Notre auteur semble, d’ailleurs, ne pas craindre la contradiction, car un peu plus loin[2], nous l’entendons poser cette affirmation : « On ne peut pas dire que les lieux meuvent par attraction, comme l’aimant attire le fer ; en effet, s’il en était ainsi, un corps tomberait d’autant plus lentement qu’il est plus lourd. »
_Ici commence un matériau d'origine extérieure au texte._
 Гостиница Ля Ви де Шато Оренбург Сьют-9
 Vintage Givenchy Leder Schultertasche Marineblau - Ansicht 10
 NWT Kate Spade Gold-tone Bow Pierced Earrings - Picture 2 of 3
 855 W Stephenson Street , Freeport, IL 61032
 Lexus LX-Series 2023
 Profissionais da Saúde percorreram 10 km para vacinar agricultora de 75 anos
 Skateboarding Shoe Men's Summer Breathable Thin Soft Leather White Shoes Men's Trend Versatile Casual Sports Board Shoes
B. La pluralité des Mondes


Le problème de la pluralité des Mondes a fourni à Jean le Tourneur une des occasions où il a parlé de la chute accélérée des graves. Ce problème, il le traite[3] exactement suivant la même méthode qu’Aristote, et ses conclusions sont celles du Philosophe.

« Première conclusion : S’il y avait plusieurs mondes, la terre de l’un de ces mondes se mouvrait naturellement vers le centre d’un autre, et le feu du premier vers le lieu propre au feu du second…

» Seconde conclusion : Il n’y a pas plusieurs mondes,… car s’il y en avait plusieurs, la terre de l’un se porterait au centre de l’autre ; elle monterait donc naturellement, ce qui est impossible. »

  1. Joannis Versoris Op. laud., lib. II, quæst. VIII ; éd. cit., fol. XXVIII, col. a.
  2. Joannis Versoris Op. laud., lib. IV, quæst. t. IV ; éd. cit., fol. II, col. b.
  3. Joannis Versoris Op. laud., lib, I, quæst. XII ; éd. cit., fol. XIII, col. b, c et d.